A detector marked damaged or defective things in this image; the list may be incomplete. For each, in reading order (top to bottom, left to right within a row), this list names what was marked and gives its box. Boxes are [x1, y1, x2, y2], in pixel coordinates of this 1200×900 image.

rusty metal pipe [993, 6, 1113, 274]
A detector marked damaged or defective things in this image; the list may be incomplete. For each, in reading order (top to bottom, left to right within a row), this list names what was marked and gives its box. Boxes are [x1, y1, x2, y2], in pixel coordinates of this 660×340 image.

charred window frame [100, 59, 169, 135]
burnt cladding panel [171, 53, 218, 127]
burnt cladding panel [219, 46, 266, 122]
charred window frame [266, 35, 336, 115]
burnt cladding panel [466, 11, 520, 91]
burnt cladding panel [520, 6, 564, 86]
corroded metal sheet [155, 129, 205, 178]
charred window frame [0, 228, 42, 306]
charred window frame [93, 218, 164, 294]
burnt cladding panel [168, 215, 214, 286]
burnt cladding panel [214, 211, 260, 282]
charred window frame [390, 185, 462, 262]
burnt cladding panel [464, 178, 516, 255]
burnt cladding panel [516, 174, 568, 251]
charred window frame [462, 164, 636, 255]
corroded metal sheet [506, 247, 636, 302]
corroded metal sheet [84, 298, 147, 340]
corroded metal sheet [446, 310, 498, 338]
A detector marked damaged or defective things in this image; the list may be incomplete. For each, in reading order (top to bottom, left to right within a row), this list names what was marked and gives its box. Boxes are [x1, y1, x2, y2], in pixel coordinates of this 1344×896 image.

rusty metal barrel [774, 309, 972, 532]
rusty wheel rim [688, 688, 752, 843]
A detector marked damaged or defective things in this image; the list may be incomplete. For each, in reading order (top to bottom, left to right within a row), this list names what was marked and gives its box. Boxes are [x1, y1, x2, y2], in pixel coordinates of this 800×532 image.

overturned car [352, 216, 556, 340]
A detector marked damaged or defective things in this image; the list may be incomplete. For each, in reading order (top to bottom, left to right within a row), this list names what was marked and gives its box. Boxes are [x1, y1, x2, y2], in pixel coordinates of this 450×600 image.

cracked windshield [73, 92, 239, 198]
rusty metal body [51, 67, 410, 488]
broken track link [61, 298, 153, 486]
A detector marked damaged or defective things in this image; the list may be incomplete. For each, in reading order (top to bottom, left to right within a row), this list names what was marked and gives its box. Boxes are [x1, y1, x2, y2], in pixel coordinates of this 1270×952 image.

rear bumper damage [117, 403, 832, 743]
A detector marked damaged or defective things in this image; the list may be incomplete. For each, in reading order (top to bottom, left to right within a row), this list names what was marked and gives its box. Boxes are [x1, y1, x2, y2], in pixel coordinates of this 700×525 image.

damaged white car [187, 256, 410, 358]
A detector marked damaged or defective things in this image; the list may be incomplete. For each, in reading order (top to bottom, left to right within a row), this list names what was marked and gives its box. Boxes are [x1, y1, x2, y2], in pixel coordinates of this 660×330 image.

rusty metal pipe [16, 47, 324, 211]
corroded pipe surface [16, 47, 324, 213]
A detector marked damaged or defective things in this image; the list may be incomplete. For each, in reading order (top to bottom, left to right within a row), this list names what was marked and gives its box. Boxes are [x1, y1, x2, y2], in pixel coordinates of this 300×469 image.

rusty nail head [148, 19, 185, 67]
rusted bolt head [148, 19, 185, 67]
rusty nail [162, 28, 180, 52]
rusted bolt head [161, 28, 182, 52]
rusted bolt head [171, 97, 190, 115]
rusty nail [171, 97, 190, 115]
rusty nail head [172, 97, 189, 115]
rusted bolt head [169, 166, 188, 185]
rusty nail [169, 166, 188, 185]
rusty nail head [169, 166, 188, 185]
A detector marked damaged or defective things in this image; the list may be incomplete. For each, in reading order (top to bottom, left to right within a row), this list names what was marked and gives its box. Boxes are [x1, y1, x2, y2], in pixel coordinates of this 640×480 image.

**********

> What you have to do
An exact copy of the listing is the goal. Transcribe it in full.

> Exercise response
A detector marked damaged or defective things in this image; the list may be incomplete. For each, in reading order (top to bottom, left to right within a row), this list names what was marked and gives its box. Boxes are [x1, y1, x2, y2], in pixel coordinates of this 1200×900 image.

rusty metal pipe [993, 6, 1113, 274]
A detector marked damaged or defective things in this image; the list may be incomplete. For each, in reading order (top to bottom, left to right within a row), this list names what was marked and gives its box. Boxes are [x1, y1, x2, y2], in pixel coordinates of this 660×340 image.

charred window frame [100, 59, 169, 135]
burnt cladding panel [171, 53, 218, 127]
burnt cladding panel [219, 46, 266, 122]
charred window frame [266, 35, 336, 115]
burnt cladding panel [466, 11, 520, 91]
burnt cladding panel [520, 6, 564, 86]
corroded metal sheet [155, 129, 205, 178]
charred window frame [0, 228, 42, 306]
charred window frame [93, 218, 164, 294]
burnt cladding panel [168, 215, 214, 286]
burnt cladding panel [214, 211, 260, 282]
charred window frame [390, 185, 462, 262]
burnt cladding panel [464, 178, 516, 255]
burnt cladding panel [516, 174, 568, 251]
charred window frame [462, 164, 636, 255]
corroded metal sheet [506, 247, 636, 302]
corroded metal sheet [84, 298, 147, 340]
corroded metal sheet [446, 310, 498, 338]
A detector marked damaged or defective things in this image; the list may be incomplete. For each, in reading order (top to bottom, left to right within a row), this list names what was marked and gives its box. Boxes are [x1, y1, x2, y2], in pixel coordinates of this 1344×896 image.

rusty metal barrel [774, 309, 972, 532]
rusty wheel rim [688, 688, 752, 843]
A detector marked damaged or defective things in this image; the list may be incomplete. For each, in reading order (top to bottom, left to right within a row), this list names what was marked and gives its box. Boxes are [x1, y1, x2, y2], in pixel coordinates of this 800×532 image.

overturned car [352, 216, 556, 340]
A detector marked damaged or defective things in this image; the list may be incomplete. For each, in reading order (top to bottom, left to right within a row), this list names what was marked and gives its box. Boxes are [x1, y1, x2, y2], in pixel coordinates of this 450×600 image.

cracked windshield [73, 92, 239, 198]
rusty metal body [51, 67, 410, 488]
broken track link [61, 298, 153, 486]
A detector marked damaged or defective things in this image; the list may be incomplete. For each, in reading order (top to bottom, left to right within a row), this list names what was marked and gives its box. Boxes are [x1, y1, x2, y2], in pixel coordinates of this 1270×952 image.

rear bumper damage [117, 403, 832, 743]
A detector marked damaged or defective things in this image; the list may be incomplete. For each, in reading order (top to bottom, left to right within a row), this list names what was marked and gives its box. Boxes are [x1, y1, x2, y2], in pixel coordinates of this 700×525 image.

damaged white car [187, 256, 410, 358]
A detector marked damaged or defective things in this image; the list may be incomplete. For each, in reading order (top to bottom, left to right within a row), this list names what was marked and gives its box. Boxes are [x1, y1, x2, y2], in pixel coordinates of this 660×330 image.

rusty metal pipe [16, 47, 324, 211]
corroded pipe surface [16, 47, 324, 213]
A detector marked damaged or defective things in this image; the list may be incomplete. For each, in reading order (top to bottom, left to right within a row), this list names what was marked and gives its box. Boxes are [x1, y1, x2, y2], in pixel coordinates of this 300×469 image.

rusty nail head [148, 19, 185, 67]
rusted bolt head [148, 19, 185, 67]
rusty nail [162, 28, 180, 52]
rusted bolt head [161, 28, 182, 52]
rusted bolt head [171, 97, 190, 115]
rusty nail [171, 97, 190, 115]
rusty nail head [172, 97, 189, 115]
rusted bolt head [169, 166, 188, 185]
rusty nail [169, 166, 188, 185]
rusty nail head [169, 166, 188, 185]
A detector marked damaged or defective things in this image; the list may be incomplete. For each, in reading order (top to bottom, left to right within a row), this list names what was marked and gives its box. Boxes are [x1, y1, x2, y2], in pixel coordinates of this 640×480 image.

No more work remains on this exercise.